[YOUR TASK]:
Each line from the one containing "Certificate Jadeite jade" to the end of the listing below must be retyped exactly, with no line left out and none added.
----------
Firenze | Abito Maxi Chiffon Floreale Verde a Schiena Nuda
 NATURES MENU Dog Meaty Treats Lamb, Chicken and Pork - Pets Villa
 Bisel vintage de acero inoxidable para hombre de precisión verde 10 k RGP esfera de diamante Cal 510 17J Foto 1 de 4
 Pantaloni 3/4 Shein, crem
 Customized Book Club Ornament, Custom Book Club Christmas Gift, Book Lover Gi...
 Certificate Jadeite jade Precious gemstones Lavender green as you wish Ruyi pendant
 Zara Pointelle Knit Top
----------
[SOLUTION TO THIS TASK]:
 Certificate Jadeite jade Precious gemstones Lavender green as you wish Ruyi pendant
 Zara Pointelle Knit Top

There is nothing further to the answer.